Data Fusion add one table

Hello, I've encountered an issue in Data Fusion where in the Replication task, it's not possible to add a new table without stopping and recreating the task. Is this the correct behavior? Do I have to recreate the task, or are there other options available?

Solved Solved
2 1 115
1 ACCEPTED SOLUTION

Yes, you are correct. You cannot directly add new tables to an existing Replication job in Google Cloud Data Fusion without stopping and recreating the job. This is the current limitation of the Replication feature.

Here are the two options you can use if you need to add new tables to a Replication job:

1. Create a New Replication Job:

  • This is the most straightforward approach.
  • Create a new Replication job that includes the new tables you need to replicate.
  • It can be more manageable if you are adding a significant number of new tables.

2. Stop and Duplicate the Existing Job:

  • Stop the currently running Replication job.
  • Create a duplicate of the job.
  • Modify the duplicated job to include the new tables.
  • Start the duplicated job.

Important to Consider:

  • Duplicate Jobs & Historical Data: If you duplicate a job, enabling the snapshot option will load all table data from scratch (historical load). This is recommended if you can't separate the jobs into different pipelines.
  • Overlapping Jobs: While it's tempting to create an overlap between the old and new jobs to avoid missing data,this is not recommended as it could still lead to data loss, especially with the historical data for the newly added tables.

Additional Tips:

  • Planning: If you anticipate adding tables to your Replication job frequently, plan your database structure and Replication configuration to make it easier to manage in the future.
  • Separate Pipelines: Consider splitting your Replication tasks into multiple pipelines if you need to manage tables from separate database schemas independently.
  • Static Dataproc Cluster: If running multiple replication jobs, you can potentially reduce compute costs by sharing a static Dataproc cluster between jobs (instead of each job using an ephemeral cluster). See more about this:https://cloud.google.com/data-fusion/docs/concepts/configure-clusters

Example Scenario:

Let's say you initially had a Replication job replicating Tables A and B. To add a new Table C, you would need to either:

  1. Create a new Replication job that includes Tables A, B, and C.
  2. Stop the existing job, duplicate it, add Table C, and start the new job.

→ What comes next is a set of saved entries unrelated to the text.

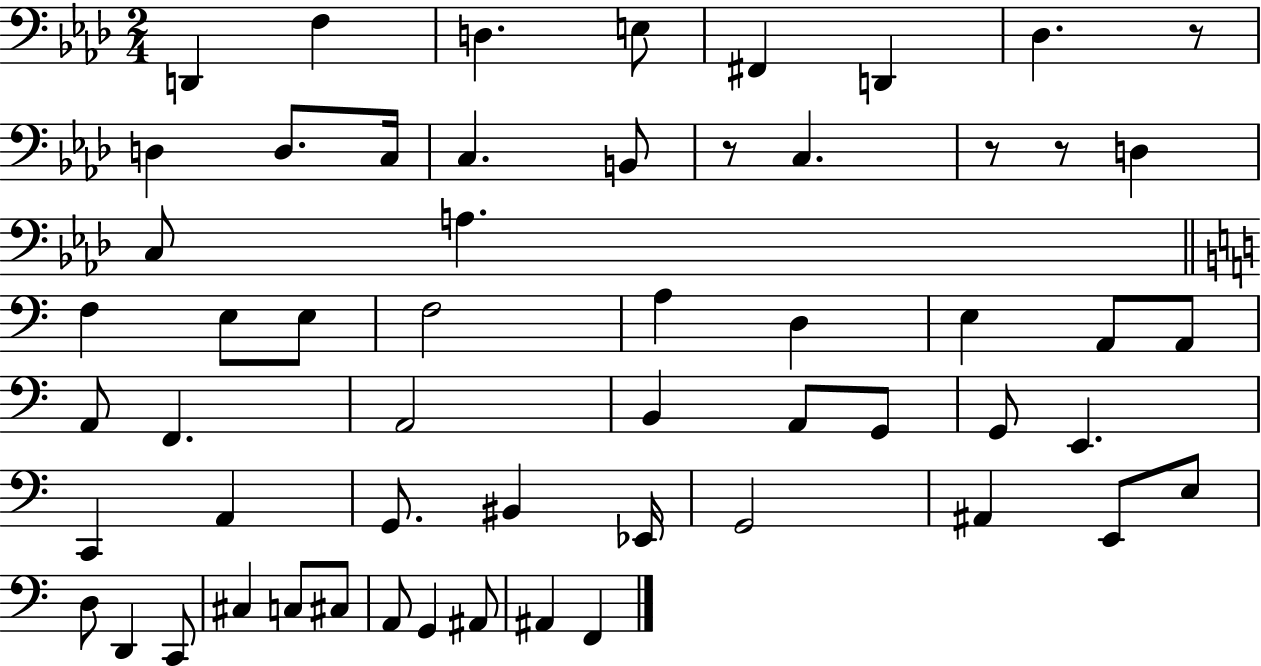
{
  \clef bass
  \numericTimeSignature
  \time 2/4
  \key aes \major
  d,4 f4 | d4. e8 | fis,4 d,4 | des4. r8 | \break d4 d8. c16 | c4. b,8 | r8 c4. | r8 r8 d4 | \break c8 a4. | \bar "||" \break \key a \minor f4 e8 e8 | f2 | a4 d4 | e4 a,8 a,8 | \break a,8 f,4. | a,2 | b,4 a,8 g,8 | g,8 e,4. | \break c,4 a,4 | g,8. bis,4 ees,16 | g,2 | ais,4 e,8 e8 | \break d8 d,4 c,8 | cis4 c8 cis8 | a,8 g,4 ais,8 | ais,4 f,4 | \break \bar "|."
}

View solution in original post

1 REPLY 1

Yes, you are correct. You cannot directly add new tables to an existing Replication job in Google Cloud Data Fusion without stopping and recreating the job. This is the current limitation of the Replication feature.

Here are the two options you can use if you need to add new tables to a Replication job:

1. Create a New Replication Job:

  • This is the most straightforward approach.
  • Create a new Replication job that includes the new tables you need to replicate.
  • It can be more manageable if you are adding a significant number of new tables.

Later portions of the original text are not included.